Current domain generalization approaches. Image credit: [1, 2]
Type: Internship
Starting date: September 2021
Supervisor: Fabrizio J. Piva
General description:
When deep neural networks are trained on a given dataset, there is the assumption that the training and evaluation data are Independent and Identically Distributed (IID), i.e., both sets are independent and drawn from the same underlying distribution. This means that if we wanted to use a deep neural network for a real-world application, we would need to manually label lots of data from that particular scenario in order to build a proper training (and validation) set. However, in dense prediction tasks such as semantic segmentation, labeling large scale data becomes unbearable, and publicly available datasets very likely do not to comply to the IID assumption. On the other hand, ignoring this assumption would make the neural network unusable due to its low performance caused by the large difference between training and evaluation data.
In order to solve this problem, domain generalization methods aim to build and train a neural network with the goal of increasing the performance not only in the (seen) training dataset, but also on multiple (unseen) domains. Recently, several methods for domain generalization in semantic segmentation propose either to 1) augment the training data by creating multiple alternative representations with different style [1], or 2) supress the style component by descomposing the images in style and content, training only with the content [2]. Each approach has its strengths and weaknesses, but to this date no works have made a thorough comparison between these techniques.

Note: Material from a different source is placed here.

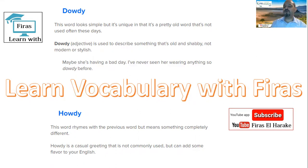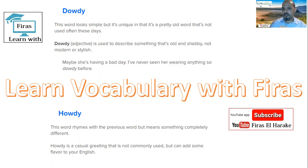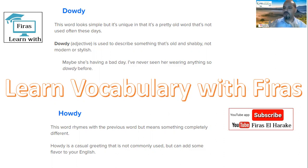Howdy is what we use for greetings. Howdy is mostly used in America, in the old towns — for example, like Texas, in the farm areas. With the farmers, that is mostly used, but also we can hear this word in the movies and in the city.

Thus, the research question for this proposal is: to style or not to style? Throughout this internship you will find out the answer.
Task description: In this project, you will use a standard semantic segmentation network (for instance, DeepLab v2 [3]) and implement style-based data augmentations as well as style supression techniques for domain generalization. This requires:
- Implementing a relatively fast style transfer method, extending it to multiple representations, ideally without reference image.
- Training the semantic segmentation network with these multiple representations.
- Adapt a style supression technique to the semantic segmentation network.
- Training the semantic segmentation network without the style component.
- Evaluating the resulting models on multiple datasets: seen as well as unseen.
Prerequisites:
- Theoretical knowledge about deep neural networks for computer vision.
- Experience with implementing a deep neural network for computer vision.
Interested? Send an email to f.j.piva@tue.nl, containing:
- Brief motivation letter
- List of relevant courses and grades
References
[1] X. Yue, Y. Zhang, S. Zhao, A. Sangiovanni-Vincentelli, K. Keutzer and B. Gong, “Domain Randomization and Pyramid Consistency: Simulation-to-Real Generalization Without Accessing Target Domain Data”, IEEE/CVF International Conference on Computer Vision (ICCV), 2019, pp. 2100-2110.
[2] Choi, Sungha, Sanghun Jung, Huiwon Yun, J. Kim, Seungryong Kim and J. Choo. “RobustNet: Improving Domain Generalization in Urban-Scene Segmentation via Instance Selective Whitening.” ArXiv abs/2103.15597, 2021.
[3] L. C. Chen, G. Papandreou, I. Kokkinos, K. Murphy and A. L. Yuille, “DeepLab: Semantic Image Segmentation with Deep Convolutional Nets, Atrous Convolution, and Fully Connected CRFs”, IEEE Transactions on Pattern Analysis and Machine Intelligence, vol. 40, no. 4, pp. 834-848, 2018.